**TO DO**
All that is needed is the line containing "ACR OLAS EXTENDER [2986]" and the lines after it to the end of the material, written out exactly, pictures left aside.

**GIVEN DATA**
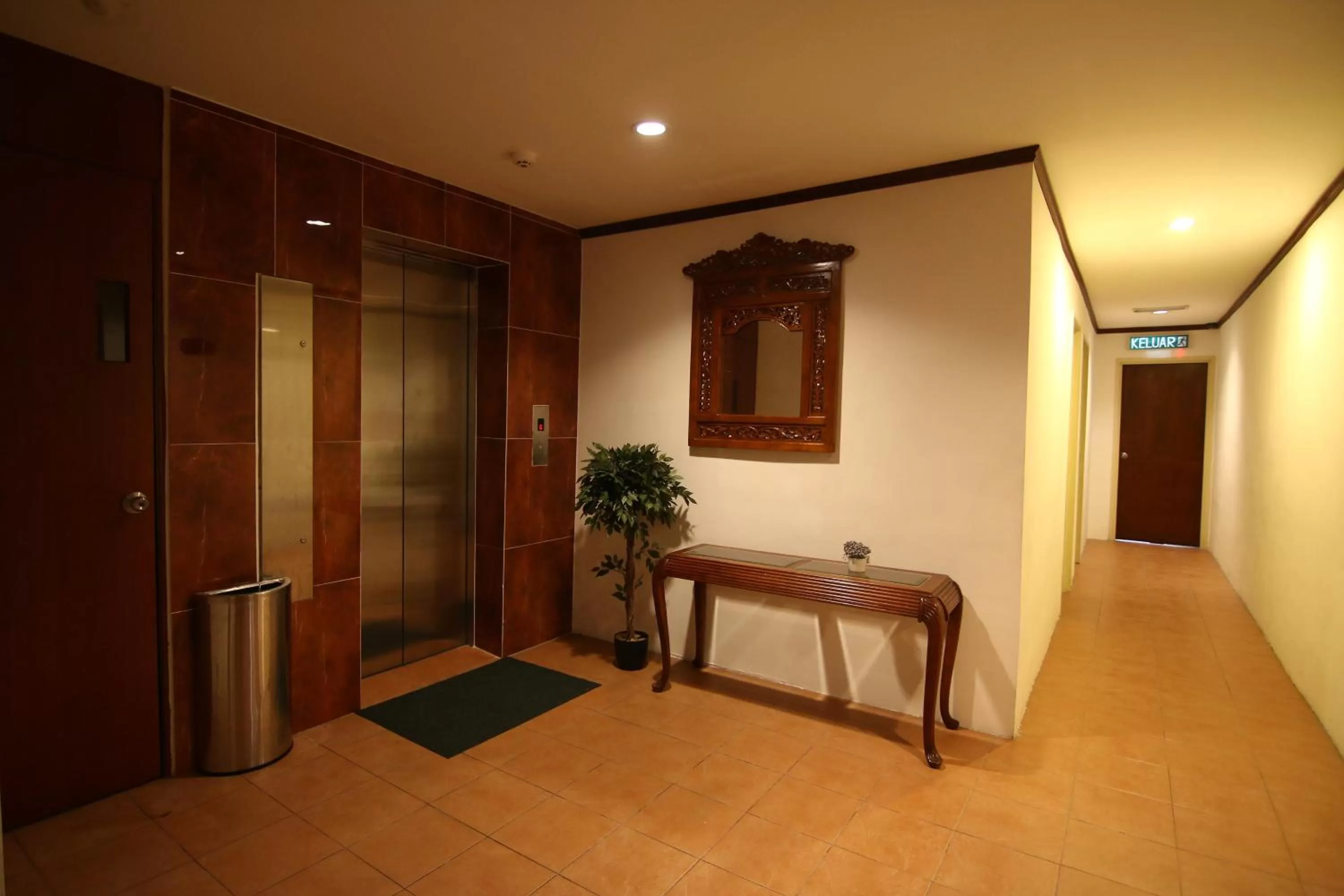 Other in AG Hotel Penang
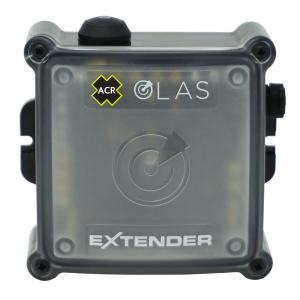 ACR OLAS EXTENDER [2986]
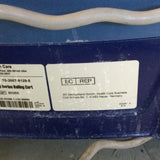 3M 775 BAIR HUGGER PATIENT WARMER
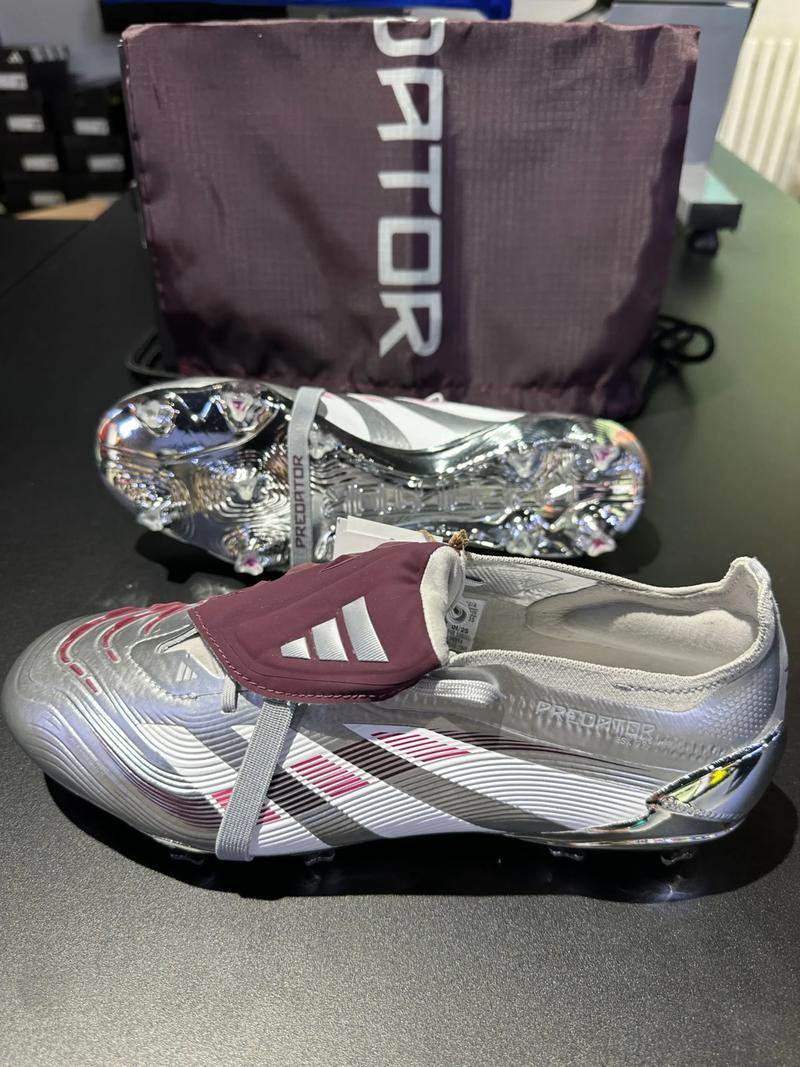 传闻：阿森纳球探继续考察巴奥亚本轮表现，他表现平平（据悉阿森纳球探再度现场观察巴奥亚，本轮发挥一般）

**REPLY TO THE EXERCISE**
 ACR OLAS EXTENDER [2986]
 3M 775 BAIR HUGGER PATIENT WARMER
 传闻：阿森纳球探继续考察巴奥亚本轮表现，他表现平平（据悉阿森纳球探再度现场观察巴奥亚，本轮发挥一般）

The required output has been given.